• ACTIVITY: Look through the entries below and extract exactly the lines from the one containing "Olladiscoaster perplexus 32574" through the one containing "Britney previously told", ends included.

• LISTED RECORDS:
^^^^^^^^^^^^^^^^
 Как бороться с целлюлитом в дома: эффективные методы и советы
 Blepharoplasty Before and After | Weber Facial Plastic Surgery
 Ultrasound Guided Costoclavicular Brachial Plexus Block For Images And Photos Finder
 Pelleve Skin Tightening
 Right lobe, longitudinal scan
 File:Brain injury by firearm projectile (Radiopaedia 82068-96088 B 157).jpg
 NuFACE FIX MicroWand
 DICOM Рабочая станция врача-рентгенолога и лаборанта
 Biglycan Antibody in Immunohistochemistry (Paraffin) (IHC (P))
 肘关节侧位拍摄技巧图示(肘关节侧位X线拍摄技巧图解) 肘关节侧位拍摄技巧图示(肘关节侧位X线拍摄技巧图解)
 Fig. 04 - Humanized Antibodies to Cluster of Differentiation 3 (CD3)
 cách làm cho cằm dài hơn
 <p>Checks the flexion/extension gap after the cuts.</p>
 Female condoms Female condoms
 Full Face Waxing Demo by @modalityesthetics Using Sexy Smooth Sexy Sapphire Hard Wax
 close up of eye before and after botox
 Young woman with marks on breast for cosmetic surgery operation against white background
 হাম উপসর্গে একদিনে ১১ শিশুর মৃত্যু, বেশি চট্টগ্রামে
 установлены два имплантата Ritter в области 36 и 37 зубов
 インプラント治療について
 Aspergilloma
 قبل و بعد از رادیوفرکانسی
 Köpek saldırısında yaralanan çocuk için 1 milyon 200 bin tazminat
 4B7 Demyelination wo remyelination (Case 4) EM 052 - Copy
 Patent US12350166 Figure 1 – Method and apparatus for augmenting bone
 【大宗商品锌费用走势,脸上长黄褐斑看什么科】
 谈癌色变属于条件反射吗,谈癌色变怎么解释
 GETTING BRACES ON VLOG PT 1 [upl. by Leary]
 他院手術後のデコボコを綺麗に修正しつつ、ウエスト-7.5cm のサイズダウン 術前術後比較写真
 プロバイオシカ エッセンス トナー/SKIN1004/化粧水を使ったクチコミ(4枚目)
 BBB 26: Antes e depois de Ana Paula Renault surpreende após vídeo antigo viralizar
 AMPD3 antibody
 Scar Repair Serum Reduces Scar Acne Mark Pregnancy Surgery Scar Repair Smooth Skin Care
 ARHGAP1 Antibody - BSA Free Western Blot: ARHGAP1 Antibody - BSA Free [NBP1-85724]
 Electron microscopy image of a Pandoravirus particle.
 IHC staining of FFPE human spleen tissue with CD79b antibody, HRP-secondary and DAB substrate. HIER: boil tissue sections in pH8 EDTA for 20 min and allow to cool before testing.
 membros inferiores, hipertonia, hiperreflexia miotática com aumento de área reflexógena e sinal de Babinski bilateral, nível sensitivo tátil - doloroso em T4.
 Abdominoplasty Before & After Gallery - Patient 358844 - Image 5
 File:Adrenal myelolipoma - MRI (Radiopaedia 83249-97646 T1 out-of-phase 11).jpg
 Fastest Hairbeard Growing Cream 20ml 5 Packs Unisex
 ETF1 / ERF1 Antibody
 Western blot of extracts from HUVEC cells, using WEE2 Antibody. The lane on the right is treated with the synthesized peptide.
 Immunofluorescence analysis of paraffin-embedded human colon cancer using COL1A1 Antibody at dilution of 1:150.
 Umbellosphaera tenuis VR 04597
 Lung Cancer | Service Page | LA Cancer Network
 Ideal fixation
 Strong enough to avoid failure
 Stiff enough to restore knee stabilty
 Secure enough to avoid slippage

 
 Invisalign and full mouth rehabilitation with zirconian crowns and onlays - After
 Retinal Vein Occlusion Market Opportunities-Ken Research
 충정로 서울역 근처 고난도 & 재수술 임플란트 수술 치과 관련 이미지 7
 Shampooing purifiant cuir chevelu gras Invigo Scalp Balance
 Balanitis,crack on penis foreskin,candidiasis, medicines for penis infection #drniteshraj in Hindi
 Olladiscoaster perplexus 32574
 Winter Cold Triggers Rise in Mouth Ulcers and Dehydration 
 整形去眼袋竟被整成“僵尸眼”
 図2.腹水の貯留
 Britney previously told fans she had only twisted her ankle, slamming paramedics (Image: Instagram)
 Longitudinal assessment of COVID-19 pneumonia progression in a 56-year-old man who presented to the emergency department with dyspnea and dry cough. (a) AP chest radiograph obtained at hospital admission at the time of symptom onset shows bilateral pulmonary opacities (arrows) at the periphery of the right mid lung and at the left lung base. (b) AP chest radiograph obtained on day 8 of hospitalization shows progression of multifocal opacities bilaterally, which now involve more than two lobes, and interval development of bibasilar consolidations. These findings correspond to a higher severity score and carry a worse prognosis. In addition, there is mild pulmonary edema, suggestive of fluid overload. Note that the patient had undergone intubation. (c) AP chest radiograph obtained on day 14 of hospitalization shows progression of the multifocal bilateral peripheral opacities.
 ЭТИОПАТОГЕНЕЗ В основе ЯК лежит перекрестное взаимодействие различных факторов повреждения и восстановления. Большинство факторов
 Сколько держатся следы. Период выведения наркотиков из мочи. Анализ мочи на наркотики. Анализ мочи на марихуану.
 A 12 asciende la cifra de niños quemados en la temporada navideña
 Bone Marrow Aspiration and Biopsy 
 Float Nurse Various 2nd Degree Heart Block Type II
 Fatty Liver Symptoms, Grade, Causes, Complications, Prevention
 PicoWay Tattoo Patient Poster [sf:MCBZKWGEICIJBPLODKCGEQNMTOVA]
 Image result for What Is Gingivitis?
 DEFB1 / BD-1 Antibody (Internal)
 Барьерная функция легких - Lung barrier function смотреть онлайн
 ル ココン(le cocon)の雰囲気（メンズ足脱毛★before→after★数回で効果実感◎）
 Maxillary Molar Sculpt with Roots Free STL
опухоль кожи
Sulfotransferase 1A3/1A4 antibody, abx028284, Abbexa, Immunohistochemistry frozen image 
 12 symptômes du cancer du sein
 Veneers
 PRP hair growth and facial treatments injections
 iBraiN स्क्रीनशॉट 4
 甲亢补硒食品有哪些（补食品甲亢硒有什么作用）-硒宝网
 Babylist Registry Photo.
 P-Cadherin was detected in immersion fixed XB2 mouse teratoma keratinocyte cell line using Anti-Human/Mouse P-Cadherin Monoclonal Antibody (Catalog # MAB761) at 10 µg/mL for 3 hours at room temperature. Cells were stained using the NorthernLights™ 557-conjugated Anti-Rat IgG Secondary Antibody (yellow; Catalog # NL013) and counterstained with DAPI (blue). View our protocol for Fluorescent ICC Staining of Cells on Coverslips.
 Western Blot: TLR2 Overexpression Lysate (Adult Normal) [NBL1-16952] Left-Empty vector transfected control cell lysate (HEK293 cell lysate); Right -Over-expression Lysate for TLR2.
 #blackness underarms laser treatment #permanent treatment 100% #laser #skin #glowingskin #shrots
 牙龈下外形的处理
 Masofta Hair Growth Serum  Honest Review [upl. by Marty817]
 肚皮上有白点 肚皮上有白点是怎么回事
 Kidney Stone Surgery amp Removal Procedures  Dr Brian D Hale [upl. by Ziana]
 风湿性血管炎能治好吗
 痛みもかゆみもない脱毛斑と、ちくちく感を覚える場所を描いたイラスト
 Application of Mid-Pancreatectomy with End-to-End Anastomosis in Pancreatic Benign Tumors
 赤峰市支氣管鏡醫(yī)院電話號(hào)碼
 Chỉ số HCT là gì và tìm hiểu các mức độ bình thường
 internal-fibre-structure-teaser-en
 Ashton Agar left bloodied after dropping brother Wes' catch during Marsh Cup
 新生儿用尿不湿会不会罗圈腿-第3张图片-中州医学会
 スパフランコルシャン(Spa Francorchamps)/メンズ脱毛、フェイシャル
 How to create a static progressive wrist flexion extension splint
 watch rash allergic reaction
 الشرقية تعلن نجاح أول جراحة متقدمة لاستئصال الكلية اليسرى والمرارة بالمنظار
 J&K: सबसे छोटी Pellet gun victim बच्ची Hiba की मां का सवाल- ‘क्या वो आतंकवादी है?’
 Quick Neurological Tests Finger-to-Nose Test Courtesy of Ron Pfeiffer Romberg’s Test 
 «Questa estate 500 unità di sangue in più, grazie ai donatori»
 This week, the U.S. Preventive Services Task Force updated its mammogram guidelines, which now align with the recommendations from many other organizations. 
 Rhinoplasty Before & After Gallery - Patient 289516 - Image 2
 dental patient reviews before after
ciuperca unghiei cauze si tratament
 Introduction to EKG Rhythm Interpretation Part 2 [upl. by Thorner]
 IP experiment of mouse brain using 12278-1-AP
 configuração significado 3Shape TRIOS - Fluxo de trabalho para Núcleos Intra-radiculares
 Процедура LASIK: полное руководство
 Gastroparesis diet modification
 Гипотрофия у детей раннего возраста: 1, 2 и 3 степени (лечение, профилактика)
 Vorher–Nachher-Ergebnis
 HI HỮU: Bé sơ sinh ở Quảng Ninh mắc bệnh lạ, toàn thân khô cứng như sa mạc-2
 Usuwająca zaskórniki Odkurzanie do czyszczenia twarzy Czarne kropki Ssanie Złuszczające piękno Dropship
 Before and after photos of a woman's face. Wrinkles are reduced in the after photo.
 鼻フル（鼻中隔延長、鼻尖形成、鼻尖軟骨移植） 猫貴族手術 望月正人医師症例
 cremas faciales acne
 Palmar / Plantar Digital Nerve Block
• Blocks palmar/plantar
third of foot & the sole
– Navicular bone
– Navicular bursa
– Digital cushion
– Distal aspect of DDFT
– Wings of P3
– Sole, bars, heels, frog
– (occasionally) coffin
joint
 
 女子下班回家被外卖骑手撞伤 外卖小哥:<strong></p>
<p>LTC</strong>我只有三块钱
^^^^^^^^^^^^^^^^
• RESPONSE BOX:
 Olladiscoaster perplexus 32574
 Winter Cold Triggers Rise in Mouth Ulcers and Dehydration 
 整形去眼袋竟被整成“僵尸眼”
 図2.腹水の貯留
 Britney previously told fans she had only twisted her ankle, slamming paramedics (Image: Instagram)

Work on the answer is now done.